Sei o al massimo sette macroregioni, eliminazione totale delle province e accorpamento dei comuni sotto la soglia dei 10.000 ab. sono le precondizioni per rendere concretamente attuabile quel federalismo fiscale, sin qui solo predicato, unico serio antidoto a tutte le contraddittorie e insufficienti politiche dei tagli lineari od obliqui di cui anche in questi giorni il governo tecnico sta dando triste spettacolo.
 
E, contemporaneamente, un profondo rinnovamento dei partiti e della politica con la formazione di schieramenti omogenei al quadro politico e parlamentare europeo.
E’ questo il compito che spetta alla nuova Democrazia Cristiana che uscirà dal prossimo congresso, il XIX della storia del glorioso partito dello scudocrociato.
Non vogliamo essere la stampella né del centro-destra, né del centro-sinistra.
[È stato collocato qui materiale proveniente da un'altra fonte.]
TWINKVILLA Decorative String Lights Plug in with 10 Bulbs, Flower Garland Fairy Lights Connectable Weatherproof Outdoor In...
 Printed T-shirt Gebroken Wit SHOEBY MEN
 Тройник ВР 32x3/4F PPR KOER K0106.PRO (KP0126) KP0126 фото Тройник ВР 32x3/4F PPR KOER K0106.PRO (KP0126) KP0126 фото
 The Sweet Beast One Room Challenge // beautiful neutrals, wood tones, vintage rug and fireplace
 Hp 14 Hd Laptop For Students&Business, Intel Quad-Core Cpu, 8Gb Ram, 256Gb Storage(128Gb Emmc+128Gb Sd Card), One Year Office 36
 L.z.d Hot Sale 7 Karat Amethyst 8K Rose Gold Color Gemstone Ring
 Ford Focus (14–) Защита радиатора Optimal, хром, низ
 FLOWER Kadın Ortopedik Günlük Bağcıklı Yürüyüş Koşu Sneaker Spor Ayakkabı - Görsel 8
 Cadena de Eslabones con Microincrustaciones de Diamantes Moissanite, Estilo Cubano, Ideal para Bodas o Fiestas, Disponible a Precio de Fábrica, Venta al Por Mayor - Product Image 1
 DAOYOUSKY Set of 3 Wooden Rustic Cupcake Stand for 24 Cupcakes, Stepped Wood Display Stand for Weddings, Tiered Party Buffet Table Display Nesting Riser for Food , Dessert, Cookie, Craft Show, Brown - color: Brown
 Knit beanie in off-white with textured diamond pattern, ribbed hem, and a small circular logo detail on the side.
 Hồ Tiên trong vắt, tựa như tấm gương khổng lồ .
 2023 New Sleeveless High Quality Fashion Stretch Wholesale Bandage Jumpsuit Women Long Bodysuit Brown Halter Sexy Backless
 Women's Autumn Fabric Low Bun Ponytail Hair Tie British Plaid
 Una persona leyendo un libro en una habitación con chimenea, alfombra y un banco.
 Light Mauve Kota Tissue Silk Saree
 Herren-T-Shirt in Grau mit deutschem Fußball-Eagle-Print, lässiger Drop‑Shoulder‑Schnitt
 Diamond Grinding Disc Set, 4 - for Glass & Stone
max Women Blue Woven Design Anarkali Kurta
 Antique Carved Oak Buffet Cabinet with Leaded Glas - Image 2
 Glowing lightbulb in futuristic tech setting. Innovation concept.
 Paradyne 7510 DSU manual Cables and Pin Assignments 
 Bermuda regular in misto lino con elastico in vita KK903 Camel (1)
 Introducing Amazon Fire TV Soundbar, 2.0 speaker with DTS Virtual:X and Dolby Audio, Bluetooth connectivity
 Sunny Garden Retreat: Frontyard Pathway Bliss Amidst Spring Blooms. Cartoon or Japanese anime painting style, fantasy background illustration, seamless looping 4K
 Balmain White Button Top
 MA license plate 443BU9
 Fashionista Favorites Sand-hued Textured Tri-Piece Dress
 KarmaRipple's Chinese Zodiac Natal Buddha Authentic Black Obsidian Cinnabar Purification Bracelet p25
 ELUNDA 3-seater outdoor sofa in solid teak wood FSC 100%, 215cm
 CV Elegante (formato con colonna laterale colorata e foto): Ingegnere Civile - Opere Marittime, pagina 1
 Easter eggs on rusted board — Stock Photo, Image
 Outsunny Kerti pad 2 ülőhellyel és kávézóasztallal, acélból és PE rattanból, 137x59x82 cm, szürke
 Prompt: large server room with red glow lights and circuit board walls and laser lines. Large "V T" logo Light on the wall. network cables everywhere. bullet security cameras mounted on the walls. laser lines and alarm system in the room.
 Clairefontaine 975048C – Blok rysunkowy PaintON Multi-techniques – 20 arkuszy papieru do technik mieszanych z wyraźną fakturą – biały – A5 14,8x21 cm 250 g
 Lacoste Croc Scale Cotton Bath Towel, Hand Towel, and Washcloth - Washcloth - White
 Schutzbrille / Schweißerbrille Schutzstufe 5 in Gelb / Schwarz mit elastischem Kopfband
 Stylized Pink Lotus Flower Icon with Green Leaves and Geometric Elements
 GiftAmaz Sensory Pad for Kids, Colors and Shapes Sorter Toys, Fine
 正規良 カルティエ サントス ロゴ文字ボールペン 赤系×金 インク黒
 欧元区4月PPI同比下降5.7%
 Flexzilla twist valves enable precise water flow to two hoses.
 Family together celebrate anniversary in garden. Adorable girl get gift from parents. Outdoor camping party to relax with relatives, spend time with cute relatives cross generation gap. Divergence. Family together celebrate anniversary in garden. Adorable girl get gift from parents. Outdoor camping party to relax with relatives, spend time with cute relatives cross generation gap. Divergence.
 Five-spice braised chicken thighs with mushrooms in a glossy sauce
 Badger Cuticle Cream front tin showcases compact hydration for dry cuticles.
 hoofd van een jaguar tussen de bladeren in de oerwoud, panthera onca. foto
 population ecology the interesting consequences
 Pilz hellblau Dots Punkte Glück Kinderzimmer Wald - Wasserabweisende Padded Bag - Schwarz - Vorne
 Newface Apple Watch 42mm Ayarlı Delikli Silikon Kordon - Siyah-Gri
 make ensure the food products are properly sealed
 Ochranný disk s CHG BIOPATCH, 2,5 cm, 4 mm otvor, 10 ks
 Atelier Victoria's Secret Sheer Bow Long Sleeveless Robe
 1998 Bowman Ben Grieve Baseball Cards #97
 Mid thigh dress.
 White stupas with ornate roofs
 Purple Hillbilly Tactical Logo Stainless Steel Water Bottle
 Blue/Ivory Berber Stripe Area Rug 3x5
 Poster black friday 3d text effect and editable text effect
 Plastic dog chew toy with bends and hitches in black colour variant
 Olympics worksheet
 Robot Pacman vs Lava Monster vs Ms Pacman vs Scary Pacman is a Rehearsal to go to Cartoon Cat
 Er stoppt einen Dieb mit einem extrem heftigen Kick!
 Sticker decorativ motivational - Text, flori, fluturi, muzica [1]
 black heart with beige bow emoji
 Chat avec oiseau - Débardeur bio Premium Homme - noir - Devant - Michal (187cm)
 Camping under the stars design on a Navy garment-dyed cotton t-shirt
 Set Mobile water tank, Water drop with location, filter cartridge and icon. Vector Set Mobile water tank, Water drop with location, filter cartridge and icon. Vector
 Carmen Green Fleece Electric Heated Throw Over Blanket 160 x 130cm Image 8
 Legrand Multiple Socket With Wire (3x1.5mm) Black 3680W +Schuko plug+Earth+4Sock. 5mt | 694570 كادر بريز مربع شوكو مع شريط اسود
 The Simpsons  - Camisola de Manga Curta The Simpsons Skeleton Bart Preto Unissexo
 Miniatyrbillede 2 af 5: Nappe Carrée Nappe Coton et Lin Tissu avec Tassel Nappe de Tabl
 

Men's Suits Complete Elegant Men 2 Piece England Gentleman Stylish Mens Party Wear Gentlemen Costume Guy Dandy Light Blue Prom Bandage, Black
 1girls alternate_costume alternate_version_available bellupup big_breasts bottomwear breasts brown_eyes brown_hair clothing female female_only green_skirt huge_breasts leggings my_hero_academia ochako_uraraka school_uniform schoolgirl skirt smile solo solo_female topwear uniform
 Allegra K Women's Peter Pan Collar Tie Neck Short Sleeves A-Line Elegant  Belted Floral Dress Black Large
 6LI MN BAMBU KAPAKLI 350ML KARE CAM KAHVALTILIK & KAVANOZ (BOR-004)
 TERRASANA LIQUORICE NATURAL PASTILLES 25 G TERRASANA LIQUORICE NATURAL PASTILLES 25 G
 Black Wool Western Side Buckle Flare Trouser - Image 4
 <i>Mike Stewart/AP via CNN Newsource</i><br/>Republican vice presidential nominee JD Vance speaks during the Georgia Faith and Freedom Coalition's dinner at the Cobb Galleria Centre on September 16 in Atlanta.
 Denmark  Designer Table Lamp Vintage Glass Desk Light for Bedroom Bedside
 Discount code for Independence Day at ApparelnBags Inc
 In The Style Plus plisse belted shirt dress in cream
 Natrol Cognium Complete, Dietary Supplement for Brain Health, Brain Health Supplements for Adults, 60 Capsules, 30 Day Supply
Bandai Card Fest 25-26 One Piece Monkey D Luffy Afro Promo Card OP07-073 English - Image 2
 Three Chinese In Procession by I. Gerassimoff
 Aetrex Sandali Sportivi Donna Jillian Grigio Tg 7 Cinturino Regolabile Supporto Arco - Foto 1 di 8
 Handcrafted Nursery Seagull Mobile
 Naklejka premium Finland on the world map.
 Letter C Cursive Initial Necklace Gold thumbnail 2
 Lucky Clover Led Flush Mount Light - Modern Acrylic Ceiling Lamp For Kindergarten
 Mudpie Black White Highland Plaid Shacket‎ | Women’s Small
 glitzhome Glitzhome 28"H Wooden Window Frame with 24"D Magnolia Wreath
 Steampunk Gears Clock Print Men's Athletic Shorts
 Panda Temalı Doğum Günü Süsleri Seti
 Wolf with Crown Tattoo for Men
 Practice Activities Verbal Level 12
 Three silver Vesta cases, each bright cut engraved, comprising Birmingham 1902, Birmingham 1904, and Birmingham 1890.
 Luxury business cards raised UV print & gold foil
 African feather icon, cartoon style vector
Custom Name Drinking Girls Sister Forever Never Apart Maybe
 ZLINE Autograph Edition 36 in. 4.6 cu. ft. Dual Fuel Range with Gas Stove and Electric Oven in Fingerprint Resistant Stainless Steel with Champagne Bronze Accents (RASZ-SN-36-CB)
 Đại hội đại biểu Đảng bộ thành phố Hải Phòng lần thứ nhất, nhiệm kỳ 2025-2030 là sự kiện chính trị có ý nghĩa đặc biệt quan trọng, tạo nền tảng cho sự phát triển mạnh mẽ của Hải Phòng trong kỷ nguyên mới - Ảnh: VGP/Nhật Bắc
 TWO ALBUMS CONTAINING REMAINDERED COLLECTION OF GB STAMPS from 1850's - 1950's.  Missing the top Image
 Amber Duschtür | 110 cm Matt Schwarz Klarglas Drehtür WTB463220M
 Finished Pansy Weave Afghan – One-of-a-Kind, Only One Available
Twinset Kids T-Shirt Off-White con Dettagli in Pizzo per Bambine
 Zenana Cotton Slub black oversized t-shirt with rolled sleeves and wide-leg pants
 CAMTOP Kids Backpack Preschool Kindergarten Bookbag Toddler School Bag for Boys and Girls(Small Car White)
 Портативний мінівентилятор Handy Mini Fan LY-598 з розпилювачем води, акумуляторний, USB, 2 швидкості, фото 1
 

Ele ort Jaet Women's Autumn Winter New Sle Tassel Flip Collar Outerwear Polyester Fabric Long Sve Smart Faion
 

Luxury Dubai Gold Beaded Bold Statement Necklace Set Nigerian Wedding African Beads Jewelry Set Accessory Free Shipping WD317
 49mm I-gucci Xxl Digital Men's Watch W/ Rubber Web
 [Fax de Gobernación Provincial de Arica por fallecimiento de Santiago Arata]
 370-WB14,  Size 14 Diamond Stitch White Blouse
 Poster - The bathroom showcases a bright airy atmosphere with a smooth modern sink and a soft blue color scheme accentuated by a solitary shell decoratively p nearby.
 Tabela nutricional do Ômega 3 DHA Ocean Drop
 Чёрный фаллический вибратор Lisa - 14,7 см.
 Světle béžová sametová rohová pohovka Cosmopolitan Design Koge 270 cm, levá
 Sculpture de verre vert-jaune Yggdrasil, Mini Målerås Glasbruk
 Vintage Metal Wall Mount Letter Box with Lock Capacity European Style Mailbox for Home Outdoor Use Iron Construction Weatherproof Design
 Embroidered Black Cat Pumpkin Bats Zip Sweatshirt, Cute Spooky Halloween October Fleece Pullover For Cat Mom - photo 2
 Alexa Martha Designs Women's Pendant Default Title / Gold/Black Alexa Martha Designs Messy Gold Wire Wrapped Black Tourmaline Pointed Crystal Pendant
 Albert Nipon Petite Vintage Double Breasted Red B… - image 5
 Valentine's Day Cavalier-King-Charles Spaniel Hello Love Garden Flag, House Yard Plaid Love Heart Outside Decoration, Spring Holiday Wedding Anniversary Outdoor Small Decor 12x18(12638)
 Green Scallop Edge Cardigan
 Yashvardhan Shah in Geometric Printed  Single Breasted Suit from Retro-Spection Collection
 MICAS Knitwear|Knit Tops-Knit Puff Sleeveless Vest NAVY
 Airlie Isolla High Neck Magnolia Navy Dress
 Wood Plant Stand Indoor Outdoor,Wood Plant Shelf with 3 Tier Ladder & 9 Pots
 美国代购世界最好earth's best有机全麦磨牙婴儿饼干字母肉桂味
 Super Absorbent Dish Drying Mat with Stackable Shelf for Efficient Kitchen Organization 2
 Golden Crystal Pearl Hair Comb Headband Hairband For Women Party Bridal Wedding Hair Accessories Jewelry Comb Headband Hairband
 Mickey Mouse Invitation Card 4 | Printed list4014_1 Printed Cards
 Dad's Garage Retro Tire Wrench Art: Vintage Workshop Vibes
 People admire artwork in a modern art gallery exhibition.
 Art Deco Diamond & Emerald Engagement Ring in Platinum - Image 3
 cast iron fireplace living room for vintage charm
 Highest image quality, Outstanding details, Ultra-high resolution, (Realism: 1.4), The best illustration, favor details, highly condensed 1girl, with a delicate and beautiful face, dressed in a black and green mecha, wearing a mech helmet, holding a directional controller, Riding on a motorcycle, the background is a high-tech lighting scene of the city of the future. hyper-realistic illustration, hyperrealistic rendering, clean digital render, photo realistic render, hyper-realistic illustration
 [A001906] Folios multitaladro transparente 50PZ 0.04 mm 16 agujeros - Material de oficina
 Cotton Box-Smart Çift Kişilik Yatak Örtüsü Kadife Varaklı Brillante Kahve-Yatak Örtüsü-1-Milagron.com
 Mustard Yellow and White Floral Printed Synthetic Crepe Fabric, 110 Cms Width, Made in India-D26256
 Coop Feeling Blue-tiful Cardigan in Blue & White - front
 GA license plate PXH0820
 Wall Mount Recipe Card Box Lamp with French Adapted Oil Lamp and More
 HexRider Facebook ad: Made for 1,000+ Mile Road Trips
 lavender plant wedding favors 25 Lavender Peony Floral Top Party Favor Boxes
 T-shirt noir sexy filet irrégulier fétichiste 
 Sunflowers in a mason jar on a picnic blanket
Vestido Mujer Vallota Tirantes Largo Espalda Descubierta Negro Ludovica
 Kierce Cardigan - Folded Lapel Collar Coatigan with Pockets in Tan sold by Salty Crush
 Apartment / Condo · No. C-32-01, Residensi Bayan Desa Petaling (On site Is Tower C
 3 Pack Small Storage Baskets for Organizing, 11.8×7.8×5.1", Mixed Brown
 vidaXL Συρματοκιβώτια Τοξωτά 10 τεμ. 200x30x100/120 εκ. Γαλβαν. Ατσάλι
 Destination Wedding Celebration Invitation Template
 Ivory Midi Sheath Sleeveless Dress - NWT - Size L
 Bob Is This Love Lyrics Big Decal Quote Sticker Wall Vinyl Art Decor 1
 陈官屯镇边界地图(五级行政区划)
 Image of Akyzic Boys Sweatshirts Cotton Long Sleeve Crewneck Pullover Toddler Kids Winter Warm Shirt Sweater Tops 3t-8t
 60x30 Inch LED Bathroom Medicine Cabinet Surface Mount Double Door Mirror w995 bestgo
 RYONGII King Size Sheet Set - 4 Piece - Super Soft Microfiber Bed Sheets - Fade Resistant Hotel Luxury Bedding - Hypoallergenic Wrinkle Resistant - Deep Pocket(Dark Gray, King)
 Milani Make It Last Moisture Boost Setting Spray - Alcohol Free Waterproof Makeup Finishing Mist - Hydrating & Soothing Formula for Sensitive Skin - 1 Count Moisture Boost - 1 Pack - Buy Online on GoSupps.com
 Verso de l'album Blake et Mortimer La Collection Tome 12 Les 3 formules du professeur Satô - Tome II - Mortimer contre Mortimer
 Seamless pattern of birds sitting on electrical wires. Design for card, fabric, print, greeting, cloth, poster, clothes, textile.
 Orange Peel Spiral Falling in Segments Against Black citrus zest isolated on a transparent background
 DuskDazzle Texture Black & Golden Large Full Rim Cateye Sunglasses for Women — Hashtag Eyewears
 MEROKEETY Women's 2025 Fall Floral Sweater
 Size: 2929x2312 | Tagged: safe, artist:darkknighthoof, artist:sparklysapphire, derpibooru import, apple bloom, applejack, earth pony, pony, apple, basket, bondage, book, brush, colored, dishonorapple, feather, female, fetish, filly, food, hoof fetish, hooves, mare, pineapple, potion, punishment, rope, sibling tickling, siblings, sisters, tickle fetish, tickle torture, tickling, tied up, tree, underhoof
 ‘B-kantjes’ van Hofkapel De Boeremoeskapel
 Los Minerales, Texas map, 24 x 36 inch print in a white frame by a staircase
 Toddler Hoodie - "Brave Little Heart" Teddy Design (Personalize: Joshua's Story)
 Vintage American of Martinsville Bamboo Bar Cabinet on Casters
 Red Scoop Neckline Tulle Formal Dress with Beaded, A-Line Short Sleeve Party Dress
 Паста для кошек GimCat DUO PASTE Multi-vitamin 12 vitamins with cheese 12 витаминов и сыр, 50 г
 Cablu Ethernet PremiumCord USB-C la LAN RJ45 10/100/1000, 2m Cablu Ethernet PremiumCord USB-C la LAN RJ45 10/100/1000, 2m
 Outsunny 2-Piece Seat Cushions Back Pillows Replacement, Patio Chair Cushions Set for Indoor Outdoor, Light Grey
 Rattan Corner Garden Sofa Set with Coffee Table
Abbiamo l’orgoglio e l’ambizione di poter offrire all’Italia una nuova speranza e la sicura garanzia di una governabilità fondata sul primato della persona, della famiglia e del bene comune, animati da un responsabile “interesse disinteressato” e dalla volontà di consegnare il testimone politico dei democratici cristiani alle nuove generazioni.
 
In queste settimane in cui incontriamo tanti amici nelle diverse regioni e province italiane, riscontriamo una grande volontà di riscatto e desiderio di autentica partecipazione politica. Quella partecipazione che è mancata in questi vent’anni nei partiti a conduzione cesaristica e personalistica, capaci solo di nominare una classe dirigente di cortigiani privi di qualsivoglia rappresentatività di reali interessi e valori della società civile, fondamentalmente impegnati a garantire se stessi nella fedeltà obbligatoria al padrino-padrone di turno.
 
Insieme alla nostra gente, ancora presente in tutte le contrade italiane, che ricordano con nostalgia e speranza il ruolo e l’azione dei democratici cristiani a livello locale, nazionale e in Europa, ai giovani e alle donne che chiedono più ampia rappresentanza e partecipazione, definiremo un programma per l’Italia e l’Europa all’altezza delle difficoltà e dei bisogni esistenti e organizzeremo un partito aperto, dei centri di cultura e partecipazione politica in ogni città e paese con a lato una fondazione in grado di raccogliere in via esclusiva i contributi che i privati intenderanno offrire per portare avanti le idee ricostruttive dell’Italia del XXI secolo ispirate ai valori dei “Liberi e Forti”, in continuità con una tradizione e una cultura politica di cui il Paese ha ancora assoluta necessità.